Palin: “Many states have abundant coal, whose technology is continuously making it into a cleaner energy source.”

See David’s debate with clean-coal flack Joe Lucas. There’s no such thing as clean coal, and even if the technology appears in 10-15 years as predicted, it will be so costly as to effectively raise energy prices substantially on the regular folk Palin claims to be defending.

Palin: “Westerners literally sit on mountains of oil and gas, and every state can consider the possibility of nuclear energy.”

See Kate Sheppard’s piece from last summer. The oil shale pipe dream has been around since the 1970s. The fact is, the technology doesn’t exist yet to extract it cost-effectively, and won’t for many years (if ever). And extraction comes with a host of environmental problems.
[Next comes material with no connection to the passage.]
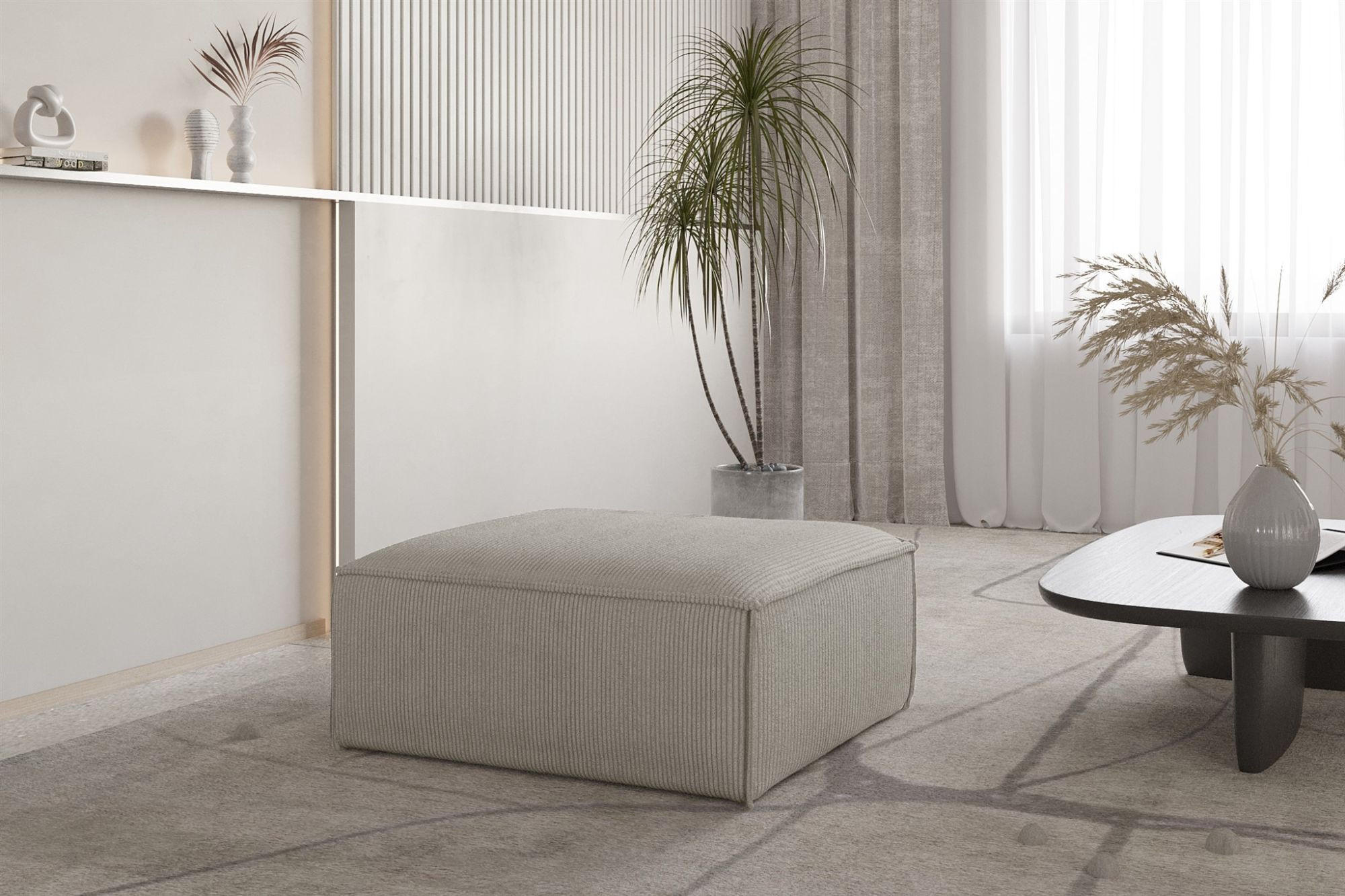 POLSTERHOCKER Celes Premium In Scala - Hellgrau, Holzwerkstoff/Textil (105/40/105cm) - Fun Möbel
As for the nuclear energy canard, the fact remains that most Americans don’t want to live anywhere near a nuclear power plant or a storage facility for highly radioactive nuclear waste. France is a place where bureaucrats truly hold enormous power, and that explains in part why the central government was able to push nuclear so effectively. Thankfully, our American system is more democratic.

Palin: “We have an important choice to make. Do we want to control our energy supply and its environmental impact? Or, do we want to outsource it to China, Russia and Saudi Arabia? Make no mistake: President Obama’s plan will result in the latter.”

Governor, listen closely: oil is a commodity. Even if we increase domestic production, we’ll still be held prisoner to Russia’s and Saudi Arabia’s ability to meet global demand — demand being driven by China, India and many other developing nations.

Ironically, Palin concludes her piece by asking, “Can America produce more of its own energy through strategic investments that protect the environment, revive our economy and secure our nation? Yes, we can.”

Yes, governor, we can accomplish that goal. And there are probably several ways of doing it. But each path requires thoughtful policymaking, not just hot air for hot air’s sake.

UPDATE: Media Matters now has a quick debunking of Palin’s op-ed. And so does The Atlantic and Huffington Post.